**EXERCISE:** Transcribe the listing below word for word.

**DATA PROVIDED:**
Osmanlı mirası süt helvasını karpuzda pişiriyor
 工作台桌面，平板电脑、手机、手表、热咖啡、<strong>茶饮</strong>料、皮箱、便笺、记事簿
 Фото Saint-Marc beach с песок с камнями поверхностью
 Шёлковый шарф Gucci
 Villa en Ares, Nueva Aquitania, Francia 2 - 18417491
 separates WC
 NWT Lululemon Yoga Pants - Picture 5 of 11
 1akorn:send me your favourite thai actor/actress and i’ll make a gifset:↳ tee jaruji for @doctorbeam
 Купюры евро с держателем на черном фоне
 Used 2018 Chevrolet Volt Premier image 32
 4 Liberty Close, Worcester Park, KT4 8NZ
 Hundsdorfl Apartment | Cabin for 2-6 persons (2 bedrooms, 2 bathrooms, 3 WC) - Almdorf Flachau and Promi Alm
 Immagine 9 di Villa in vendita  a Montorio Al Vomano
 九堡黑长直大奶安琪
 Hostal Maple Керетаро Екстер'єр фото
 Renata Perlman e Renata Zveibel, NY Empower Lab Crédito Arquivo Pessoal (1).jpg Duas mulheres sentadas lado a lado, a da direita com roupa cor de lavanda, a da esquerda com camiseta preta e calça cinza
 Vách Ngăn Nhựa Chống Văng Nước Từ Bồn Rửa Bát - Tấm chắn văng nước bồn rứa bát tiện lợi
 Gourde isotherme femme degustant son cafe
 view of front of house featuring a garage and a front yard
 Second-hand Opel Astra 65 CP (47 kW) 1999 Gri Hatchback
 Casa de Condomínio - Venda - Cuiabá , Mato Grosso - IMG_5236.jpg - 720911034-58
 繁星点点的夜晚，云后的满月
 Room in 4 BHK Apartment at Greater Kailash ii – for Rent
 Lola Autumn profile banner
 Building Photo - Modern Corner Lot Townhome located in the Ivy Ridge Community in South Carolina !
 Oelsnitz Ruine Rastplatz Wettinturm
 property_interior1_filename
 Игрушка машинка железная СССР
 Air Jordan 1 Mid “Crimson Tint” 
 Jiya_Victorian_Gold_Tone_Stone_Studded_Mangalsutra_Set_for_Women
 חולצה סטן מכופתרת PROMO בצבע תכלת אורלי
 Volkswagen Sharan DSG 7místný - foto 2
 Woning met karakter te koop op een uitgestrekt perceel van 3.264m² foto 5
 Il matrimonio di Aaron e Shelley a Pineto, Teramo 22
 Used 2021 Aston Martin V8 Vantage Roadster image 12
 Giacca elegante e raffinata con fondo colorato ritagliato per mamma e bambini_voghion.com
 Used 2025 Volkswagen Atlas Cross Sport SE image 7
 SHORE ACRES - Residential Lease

**RESULT OF THIS TASK:**
Osmanlı mirası süt helvasını karpuzda pişiriyor
 工作台桌面，平板电脑、手机、手表、热咖啡、<strong>茶饮</strong>料、皮箱、便笺、记事簿
 Фото Saint-Marc beach с песок с камнями поверхностью
 Шёлковый шарф Gucci
 Villa en Ares, Nueva Aquitania, Francia 2 - 18417491
 separates WC
 NWT Lululemon Yoga Pants - Picture 5 of 11
 1akorn:send me your favourite thai actor/actress and i’ll make a gifset:↳ tee jaruji for @doctorbeam
 Купюры евро с держателем на черном фоне
 Used 2018 Chevrolet Volt Premier image 32
 4 Liberty Close, Worcester Park, KT4 8NZ
 Hundsdorfl Apartment | Cabin for 2-6 persons (2 bedrooms, 2 bathrooms, 3 WC) - Almdorf Flachau and Promi Alm
 Immagine 9 di Villa in vendita  a Montorio Al Vomano
 九堡黑长直大奶安琪
 Hostal Maple Керетаро Екстер'єр фото
 Renata Perlman e Renata Zveibel, NY Empower Lab Crédito Arquivo Pessoal (1).jpg Duas mulheres sentadas lado a lado, a da direita com roupa cor de lavanda, a da esquerda com camiseta preta e calça cinza
 Vách Ngăn Nhựa Chống Văng Nước Từ Bồn Rửa Bát - Tấm chắn văng nước bồn rứa bát tiện lợi
 Gourde isotherme femme degustant son cafe
 view of front of house featuring a garage and a front yard
 Second-hand Opel Astra 65 CP (47 kW) 1999 Gri Hatchback
 Casa de Condomínio - Venda - Cuiabá , Mato Grosso - IMG_5236.jpg - 720911034-58
 繁星点点的夜晚，云后的满月
 Room in 4 BHK Apartment at Greater Kailash ii – for Rent
 Lola Autumn profile banner
 Building Photo - Modern Corner Lot Townhome located in the Ivy Ridge Community in South Carolina !
 Oelsnitz Ruine Rastplatz Wettinturm
 property_interior1_filename
 Игрушка машинка железная СССР
 Air Jordan 1 Mid “Crimson Tint” 
 Jiya_Victorian_Gold_Tone_Stone_Studded_Mangalsutra_Set_for_Women
 חולצה סטן מכופתרת PROMO בצבע תכלת אורלי
 Volkswagen Sharan DSG 7místný - foto 2
 Woning met karakter te koop op een uitgestrekt perceel van 3.264m² foto 5
 Il matrimonio di Aaron e Shelley a Pineto, Teramo 22
 Used 2021 Aston Martin V8 Vantage Roadster image 12
 Giacca elegante e raffinata con fondo colorato ritagliato per mamma e bambini_voghion.com
 Used 2025 Volkswagen Atlas Cross Sport SE image 7
 SHORE ACRES - Residential Lease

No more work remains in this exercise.